#### [ACTIVITY]
Retype, word for word, the line holding "Gold Floral Print Leather Trousers" and each line after it down to the end of the data; pictures are not copied.
====
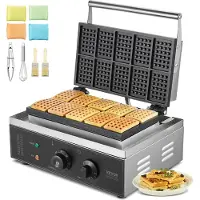 Vevor Kommerzielles Waffeleisen 1550 W antihaftbeschichtetes Waffeleisen aus Edelstahl mit Temperatur- und Zeitregelung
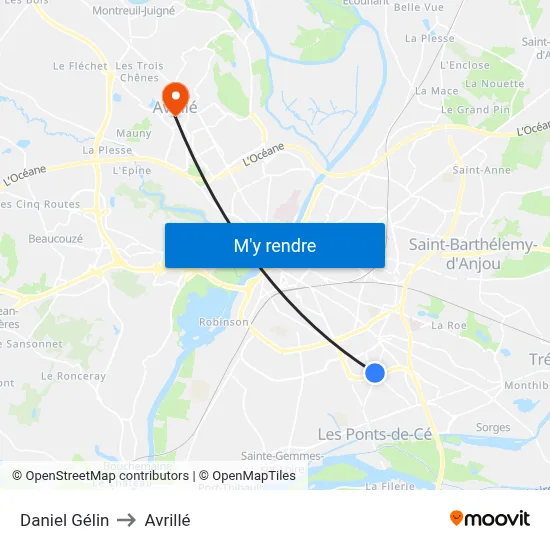 Daniel Gélin to Avrillé map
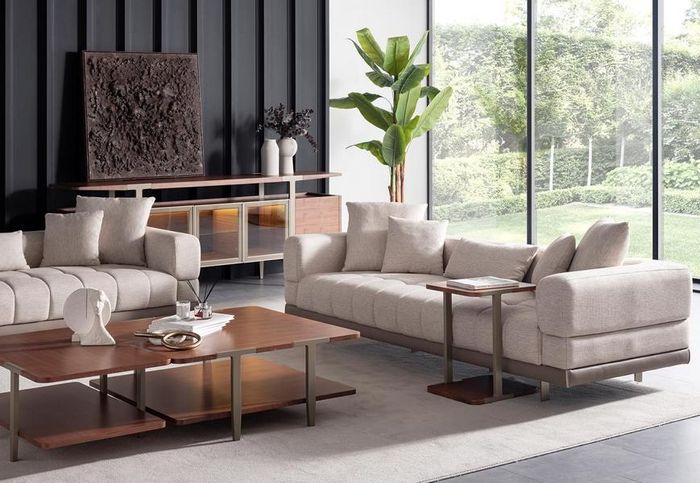 Wohnzimmer Set Einrichtung Sofa Couchtische Beistelltisch 255cm Couch 5tlg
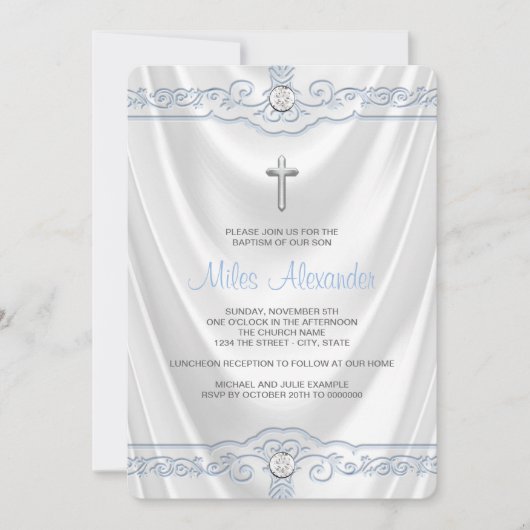 白と青のバプテスマ《キリスト教》洗礼式や命名式ホワイトサテン 招待状 (正面)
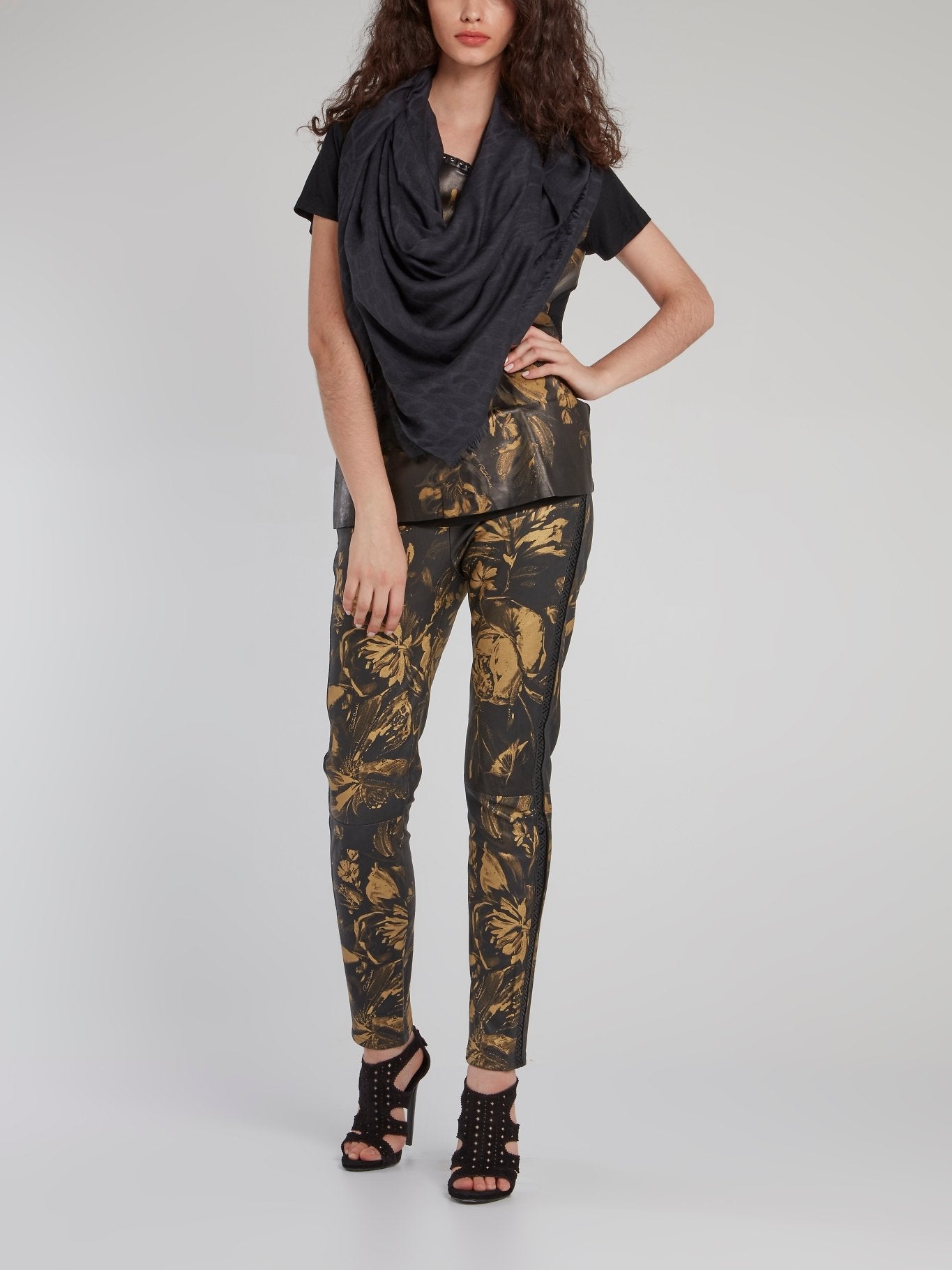 Gold Floral Print Leather Trousers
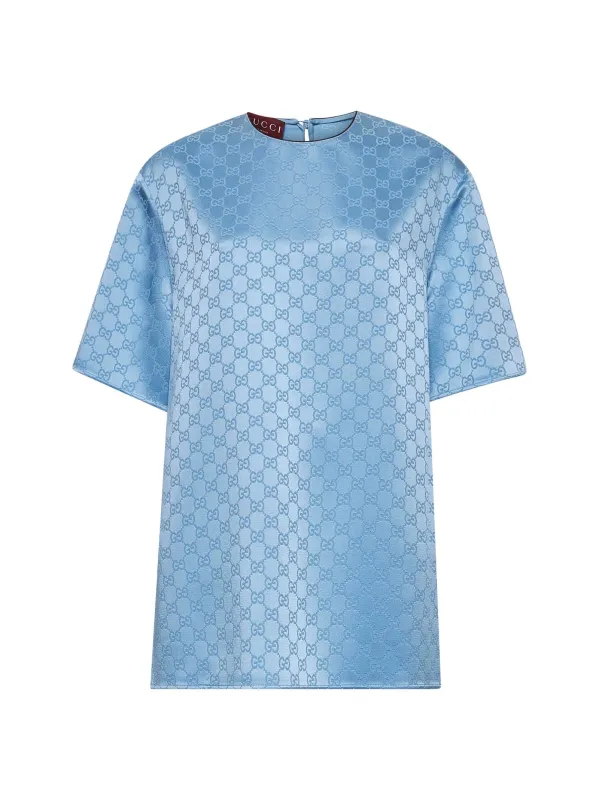 Light Blue GG Satin Top sold by Lord & Taylor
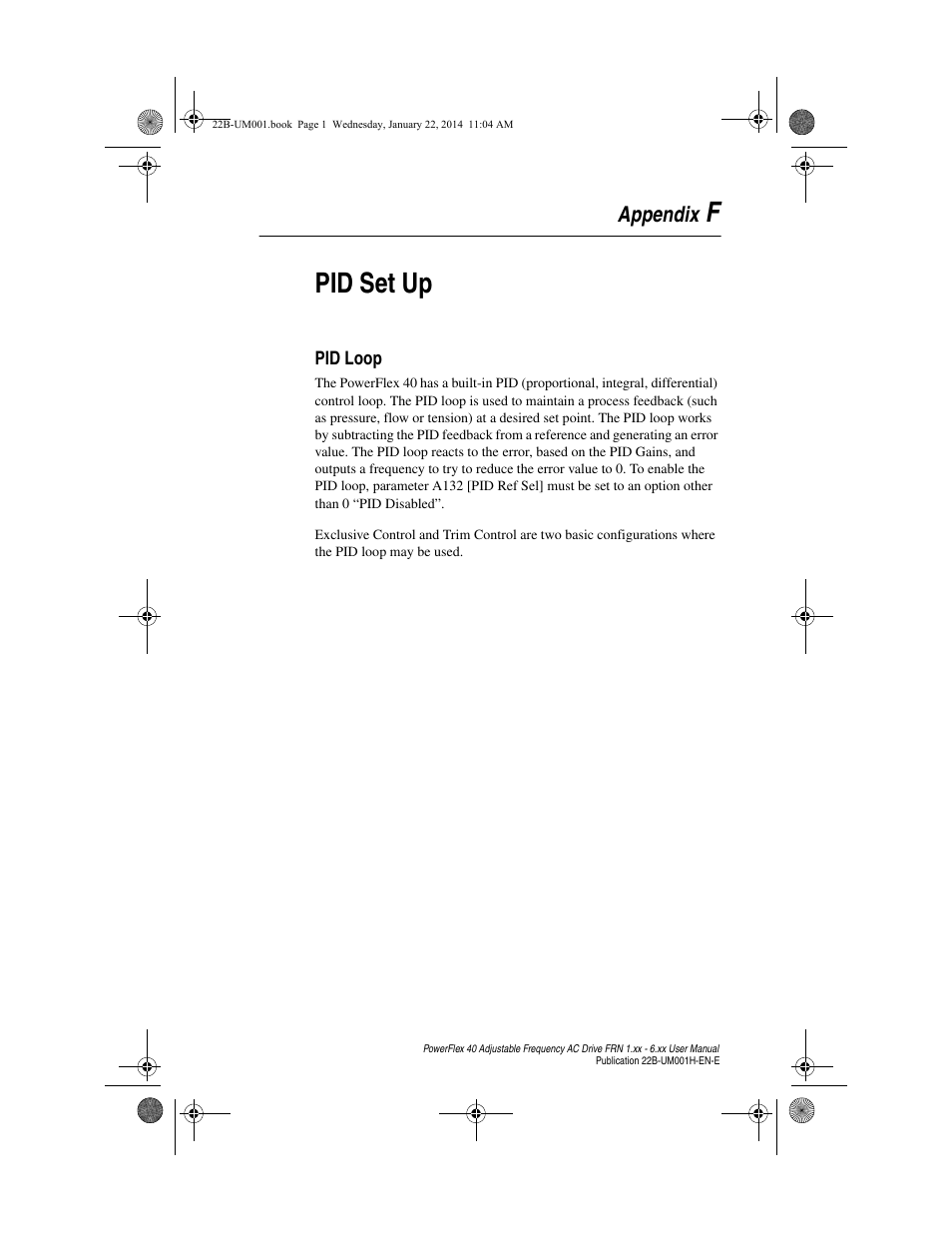 Appendix f, Pid set up, Pid loop | Fpid set up, Appendix | Rockwell Automation 22B PowerFlex 40 FRN 1.xx - 6.xx User Manual | Page 145 / 160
====
#### [FINAL ANSWER]
 Gold Floral Print Leather Trousers
 Light Blue GG Satin Top sold by Lord & Taylor
 Appendix f, Pid set up, Pid loop | Fpid set up, Appendix | Rockwell Automation 22B PowerFlex 40 FRN 1.xx - 6.xx User Manual | Page 145 / 160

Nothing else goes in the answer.